## DATASET SECTION
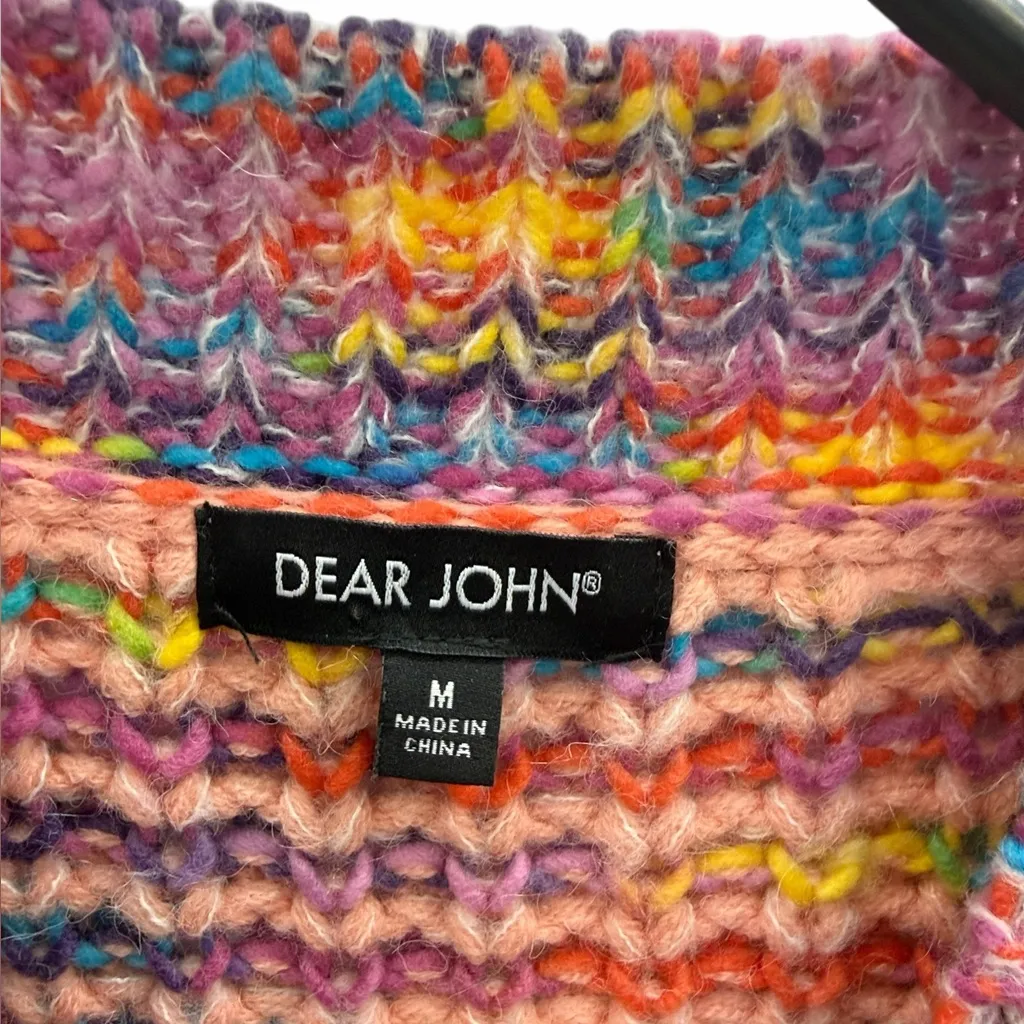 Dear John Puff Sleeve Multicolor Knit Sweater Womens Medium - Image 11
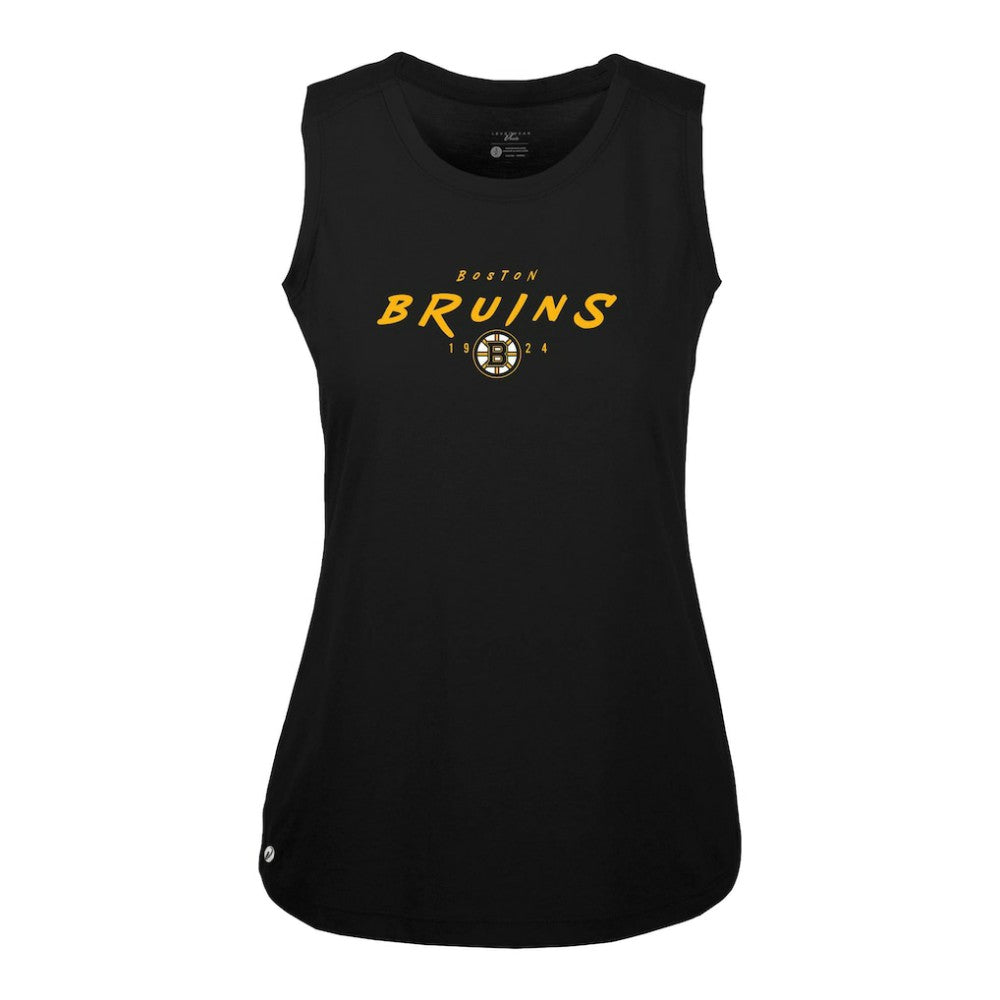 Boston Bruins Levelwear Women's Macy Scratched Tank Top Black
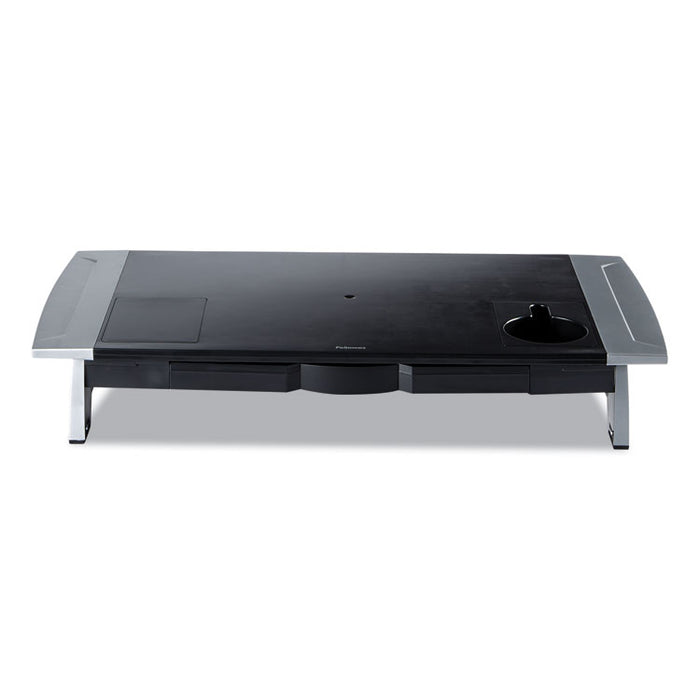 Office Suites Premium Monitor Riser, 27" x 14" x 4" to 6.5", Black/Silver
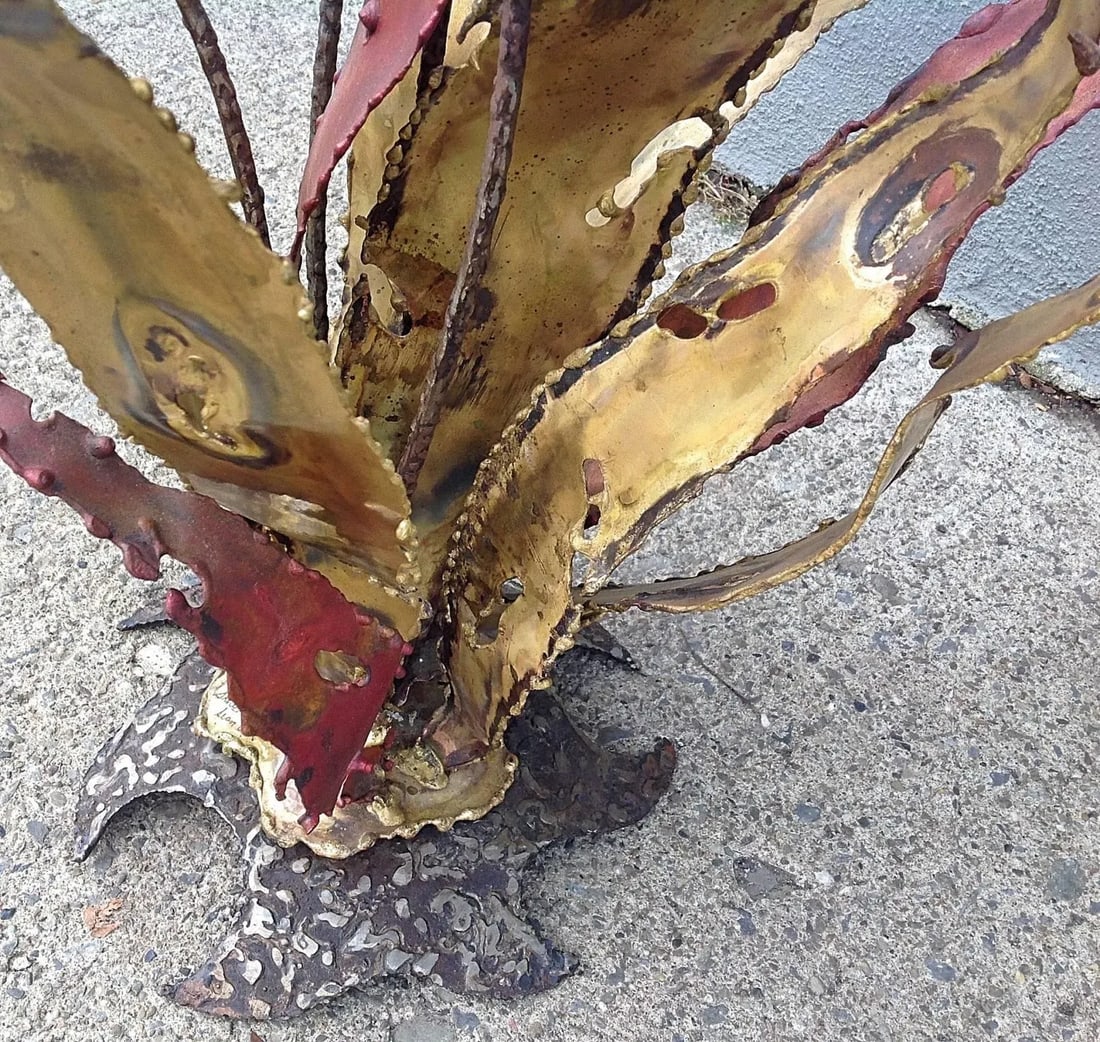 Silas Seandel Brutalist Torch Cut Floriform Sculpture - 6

## ACTIVITY
Repeat the material above precisely as it appears, omitting the images it contains.

## OUTPUT OF THE TASK
 Dear John Puff Sleeve Multicolor Knit Sweater Womens Medium - Image 11
 Boston Bruins Levelwear Women's Macy Scratched Tank Top Black
 Office Suites Premium Monitor Riser, 27" x 14" x 4" to 6.5", Black/Silver
 Silas Seandel Brutalist Torch Cut Floriform Sculpture - 6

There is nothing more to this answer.